FOR THE COMMON GOOD
Former Masterchef finalist Tracy Collins juggles her hectic lifestyle with her new role as an ambassador for Ovarian Cancer Australia.
There’s nothing like a health scare to make you reassess your priorities. When Barossa Valley hairdresser and MasterChef Australia 2014 finalist Tracy Collins was bedridden with a mystery virus and pleuritis in 2008, she made a pact with herself that if she recovered, she would live the rest of her life with no regrets.
“I had three little children and Charlie, my youngest was only one at the time,” she recalls. “The medical profession told me there was nothing more that could be done to help me and we really didn’t know if I was going to get better. My husband, Jaysen, was looking after the kids and trying run our wine business and then the GFC hit and for a while there, we didn’t know if we were going to lose our home and business. I was lying there thinking through all the ‘what ifs’ in my life and I pretty much decided that if I got better, I’d never again hesitate to take on a challenge or embrace an opportunity.”
After a full year’s recuperation, Tracy determined to do her bit for her family’s financial security by starting her own hairdressing business, at first from home and later from small premises in her home town of Angaston. Customers responded to her strong environmental ethic and sustainable approach and the salon has gone from strength to strength and won numerous eco awards. In spite of suffering yet another health setback when she required surgery for a spinal injury in 2012, she also threw herself into charity work and has directed her considerable energies behind causes as diverse as the Snowdome Foundation (blood cancers) the Hutt Street Centre (homelessness) and Walk for Water, which raises money for clean water projects for third world countries.
Most recently Tracy has ramped up her commitments another notch by agreeing to become one of Ovarian Cancer Australia’s (OCA) ambassadors and committing to promoting awareness of this insidious disease, which claims the lives of 1000 Australian women every year. “Unfortunately a lot of my family and friends have been affected by different cancers,” she explains. “In 1984 my Nana passed away within weeks of being diagnosed with a cancer that may initially have been ovarian. The problem with ovarian cancer is that it’s such a blind disease. There is no early detection test and most women could easily dismiss the symptoms as being caused by something less sinister. Take bloating, for example. Lots of women experience bloating at some stage in their cycle, but it is also one of the symptoms of ovarian cancer. So it’s part of my role as an OCA ambassador to remind women to be in tune with their bodies and their fluctuations, so they are aware if something is wrong and have it investigated promptly.”

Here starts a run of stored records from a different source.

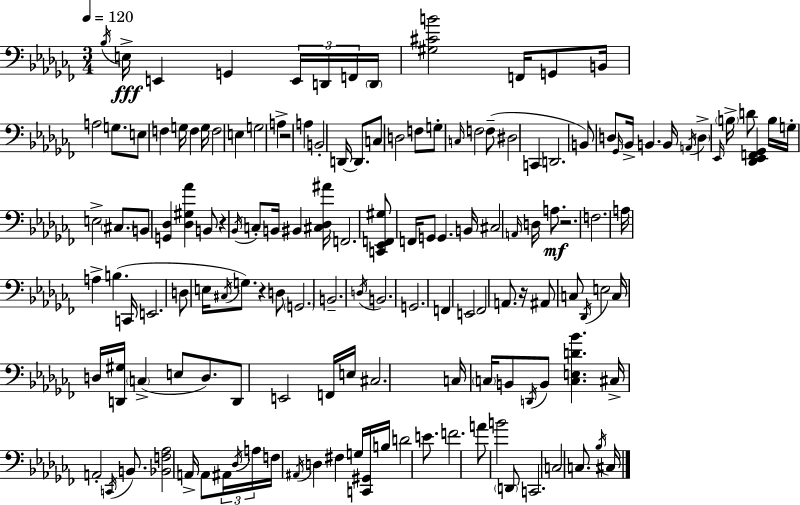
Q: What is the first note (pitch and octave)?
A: Bb3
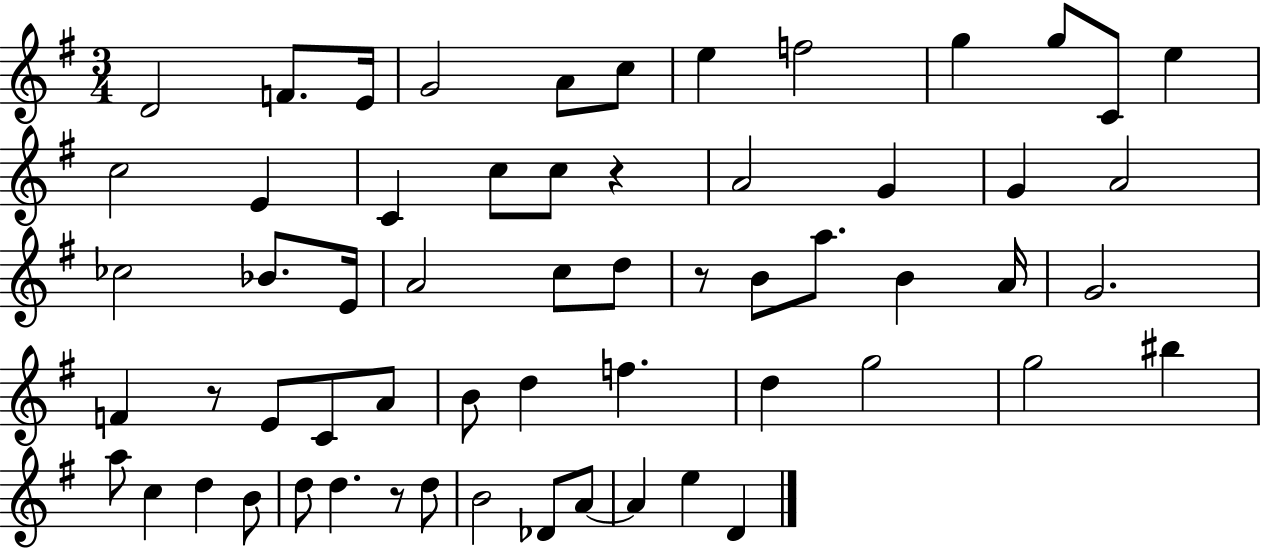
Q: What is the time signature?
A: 3/4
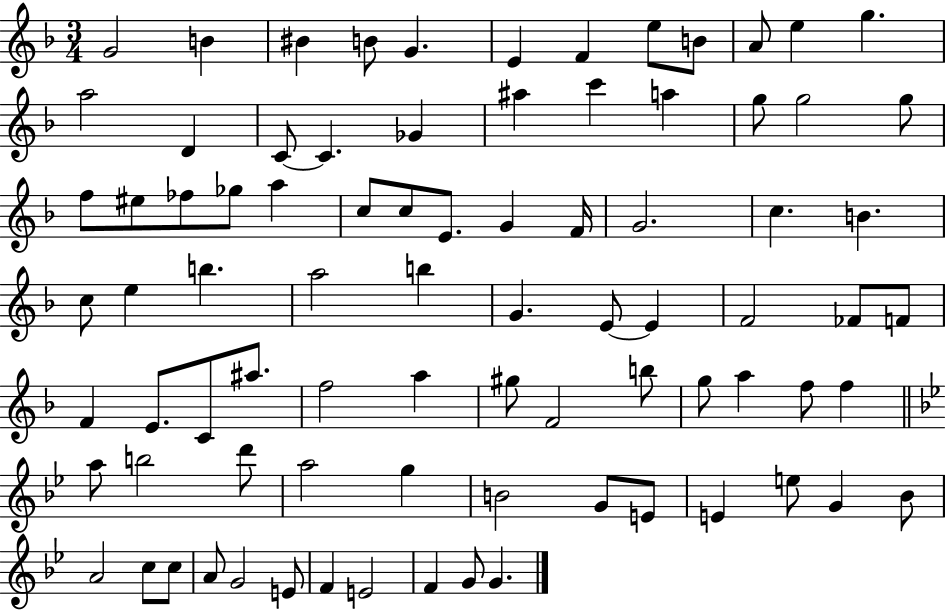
G4/h B4/q BIS4/q B4/e G4/q. E4/q F4/q E5/e B4/e A4/e E5/q G5/q. A5/h D4/q C4/e C4/q. Gb4/q A#5/q C6/q A5/q G5/e G5/h G5/e F5/e EIS5/e FES5/e Gb5/e A5/q C5/e C5/e E4/e. G4/q F4/s G4/h. C5/q. B4/q. C5/e E5/q B5/q. A5/h B5/q G4/q. E4/e E4/q F4/h FES4/e F4/e F4/q E4/e. C4/e A#5/e. F5/h A5/q G#5/e F4/h B5/e G5/e A5/q F5/e F5/q A5/e B5/h D6/e A5/h G5/q B4/h G4/e E4/e E4/q E5/e G4/q Bb4/e A4/h C5/e C5/e A4/e G4/h E4/e F4/q E4/h F4/q G4/e G4/q.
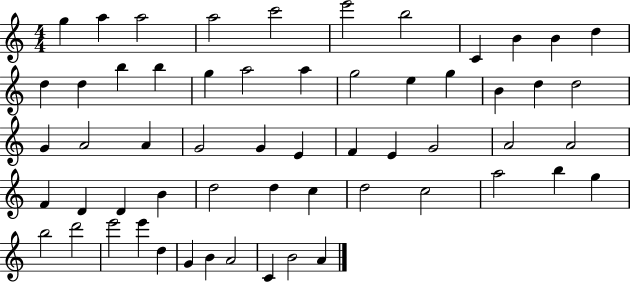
X:1
T:Untitled
M:4/4
L:1/4
K:C
g a a2 a2 c'2 e'2 b2 C B B d d d b b g a2 a g2 e g B d d2 G A2 A G2 G E F E G2 A2 A2 F D D B d2 d c d2 c2 a2 b g b2 d'2 e'2 e' d G B A2 C B2 A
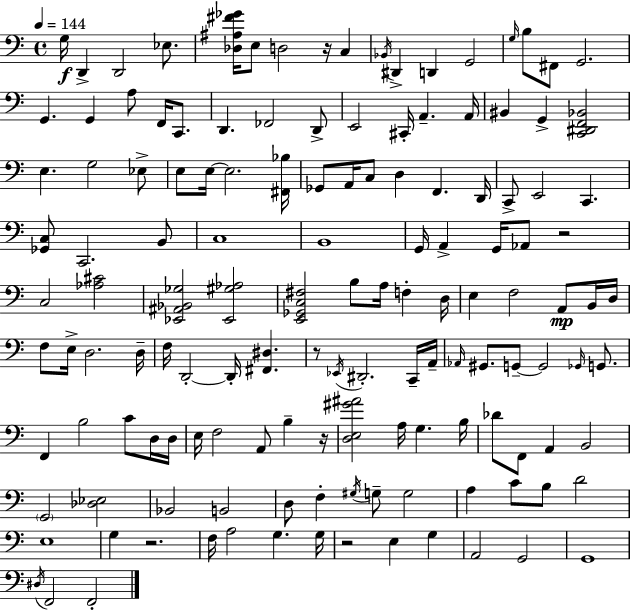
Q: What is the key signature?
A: C major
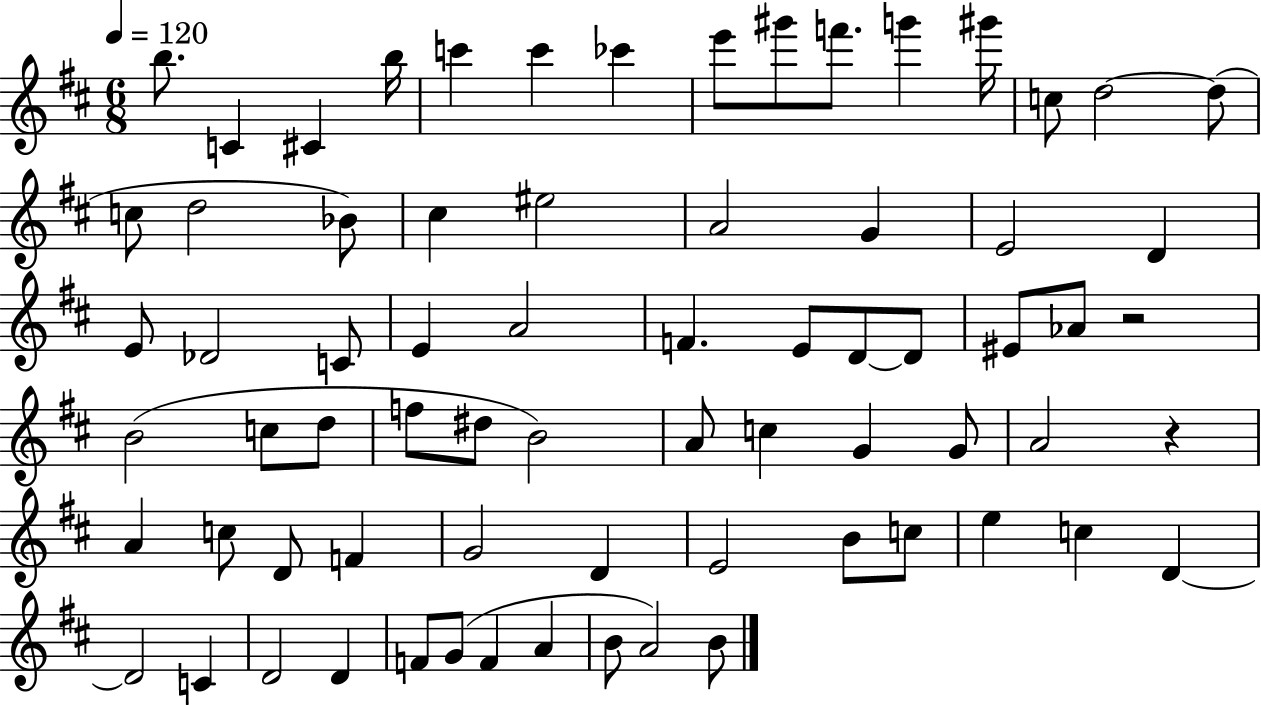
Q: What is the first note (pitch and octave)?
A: B5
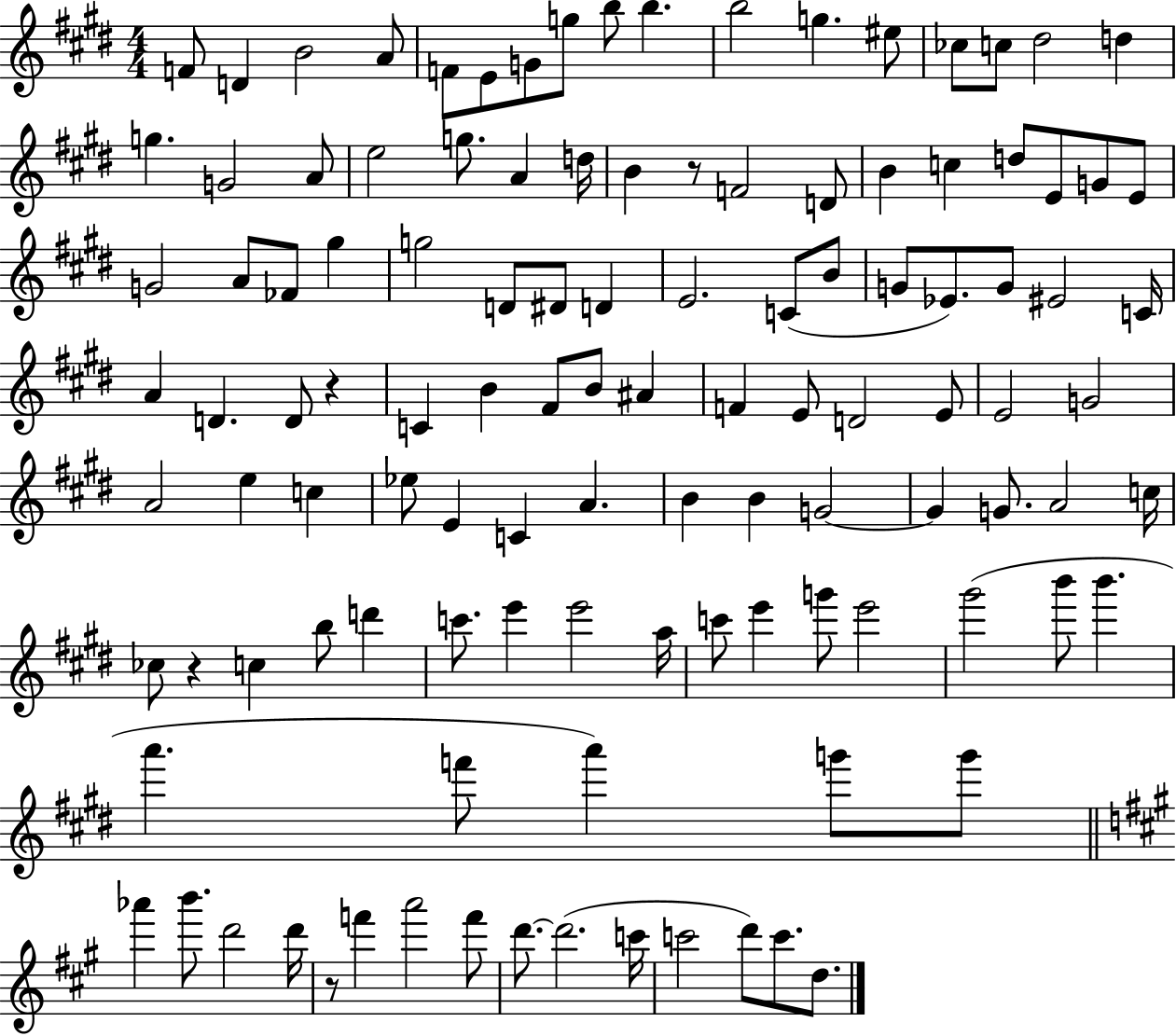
F4/e D4/q B4/h A4/e F4/e E4/e G4/e G5/e B5/e B5/q. B5/h G5/q. EIS5/e CES5/e C5/e D#5/h D5/q G5/q. G4/h A4/e E5/h G5/e. A4/q D5/s B4/q R/e F4/h D4/e B4/q C5/q D5/e E4/e G4/e E4/e G4/h A4/e FES4/e G#5/q G5/h D4/e D#4/e D4/q E4/h. C4/e B4/e G4/e Eb4/e. G4/e EIS4/h C4/s A4/q D4/q. D4/e R/q C4/q B4/q F#4/e B4/e A#4/q F4/q E4/e D4/h E4/e E4/h G4/h A4/h E5/q C5/q Eb5/e E4/q C4/q A4/q. B4/q B4/q G4/h G4/q G4/e. A4/h C5/s CES5/e R/q C5/q B5/e D6/q C6/e. E6/q E6/h A5/s C6/e E6/q G6/e E6/h G#6/h B6/e B6/q. A6/q. F6/e A6/q G6/e G6/e Ab6/q B6/e. D6/h D6/s R/e F6/q A6/h F6/e D6/e. D6/h. C6/s C6/h D6/e C6/e. D5/e.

The bald facts surrounding ovarian cancer lend urgency to Tracy’s message. The disease has the lowest survival rate of any women’s cancer. In Australia, the overall survival rate for women with ovarian cancer is 43 per cent. Compare that with breast cancer, which has a five-year survival rate of 89 per cent. If diagnosed early, the majority of women could survive. Unfortunately however, most women are diagnosed with advanced stages of the disease. While ovarian cancer most commonly afflicts women aged older than 50, it can affect women at any age. What’s more, the symptoms, which include bloating, abdominal or pelvic pain, frequent urination and feeling full after eating a small amount, can easily be dismissed as having other causes, or not being sufficiently significant to warrant making a doctor’s appointment. While there has been no significant change in treatment options since the 1970s, OCA has recently launched a national action plan for ovarian cancer research.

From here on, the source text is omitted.